Vegetables are filled with vitamins and minerals, and juicing extracts those nutrients making them easier to digest. Drinking juice is believed to flood the body with healing nourishment while also flushing toxins and waste. According to proponents, a juice cleanses supports the body’s natural detox processes, clears the diet of sugar, caffeine, refined foods, and other foods and substances that can deplete energy, and jumpstarts a more healthful way of eating.
Today let’s stick to mostly veggies when juicing since adding lots of fruit makes the sugar content skyrocket.

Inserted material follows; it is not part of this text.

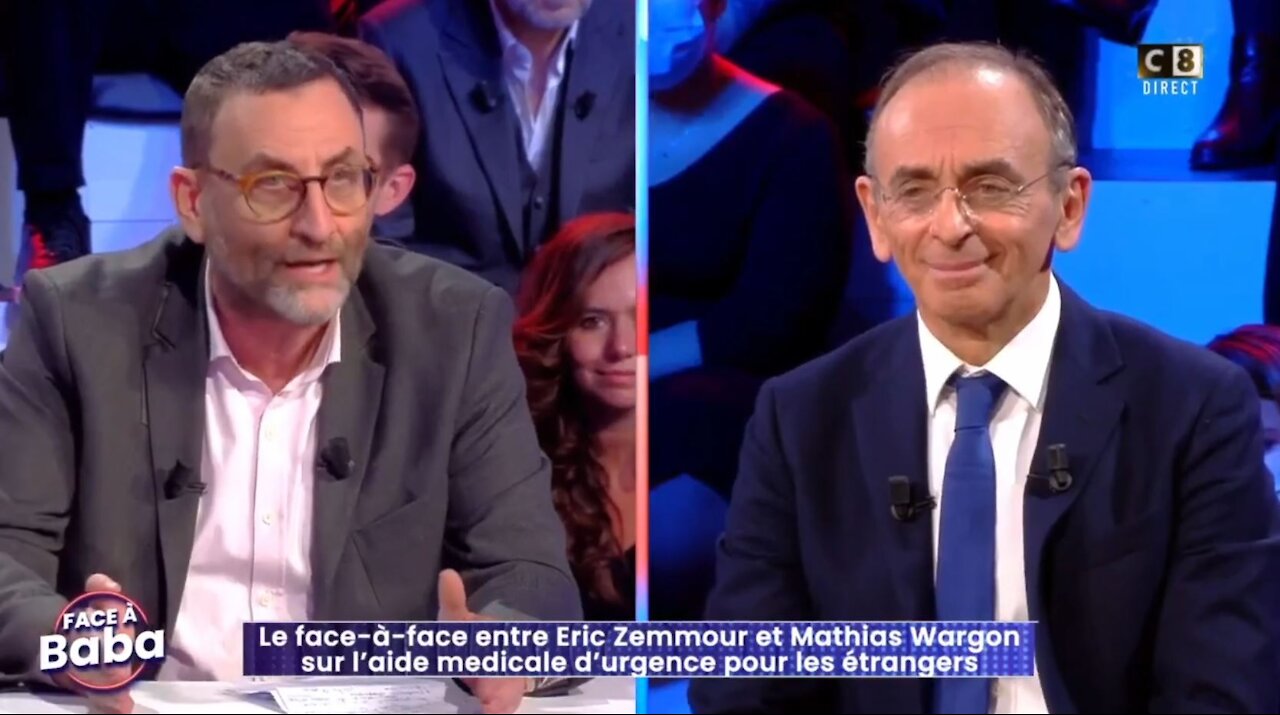 Vidéo 11/12 - Éric Zemmour répond à Mathias Wargon (invités à Face à Baba sur C8 le 16 décembre 2021)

So far, our favorite veggies to juice are beets and carrots — they are already naturally sweet and really don’t need much help from fruit to make the juice taste incredible.
For this easy green juice recipe, we combine highly alkalizing spinach with green apple, cucumber, parsley, ginger, and lemon. Spinach tastes mild and is packed with nutrition, lemon and ginger add zing, the cucumber adds mineral-rich water, and the apple balances everything out with a little sweetness.
Green Juice Benefits
- Green Apple When juiced with the peel still on, apples are a great source of Vitamin A, Vitamin C, and potassium. Apples help with breaking down toxins, lowering cholesterol, and helps with digestion
- Parsley is an antioxidant powerhouse and is rich in vitamins and minerals such as potassium, iron, magnesium, vitamin A, vitamin B, vitamin C, vitamin E, and vitamin K.

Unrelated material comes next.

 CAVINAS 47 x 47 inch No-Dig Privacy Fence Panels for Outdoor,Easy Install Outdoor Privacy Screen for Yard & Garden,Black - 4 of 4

- Spinach is alkalizing and is rich in many essential vitamins and minerals. A real powerhouse!
- Cucumber is high in vitamin A, B complex, vitamin C, and folic acid. It’s aids in cell hydration, regulating body temperature, and eases inflammation. It’s high silica content also helps to alleviate skin problems, hair loss and strengthens nails
- Lemons are high in immune-boosting vitamin C and help out with potassium and vitamin B6.

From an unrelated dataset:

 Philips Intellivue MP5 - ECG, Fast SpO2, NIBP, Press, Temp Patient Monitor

- Ginger is a powerhouse in juices. Thanks to gingerols, ginger has powerful anti-inflammatory effects, aids in digestion and relieves bloating.
Green Juice Recipe
- 1 medium green apple, rinsed with core removed
- Handful parsley leaves and stems
- 2 cups packed baby spinach leaves
- 1 large seedless (hothouse or English) cucumber, rinsed
- 1 medium lemon
- 1-inch length piece fresh ginger, scrubbed clean
Chop the apple, cucumber, and ginger into thin pieces small enough to easily go through the juicer. Cutaway the yellow peel from the lemon, leaving most of the white pith and lemon flesh. Cut into slices and remove any seeds. Reserve about half of the lemon. Turn the juicer on and push everything through, alternating between the greens and the firmer cucumber, apple, and lemon. When everything but the reserved lemon has been juiced, stir the juice and taste for tartness. Add the remaining lemon if you feel it can take it. Or if the juice is too tart, consider adding a couple scrubbed unpeeled carrots or another cored apple.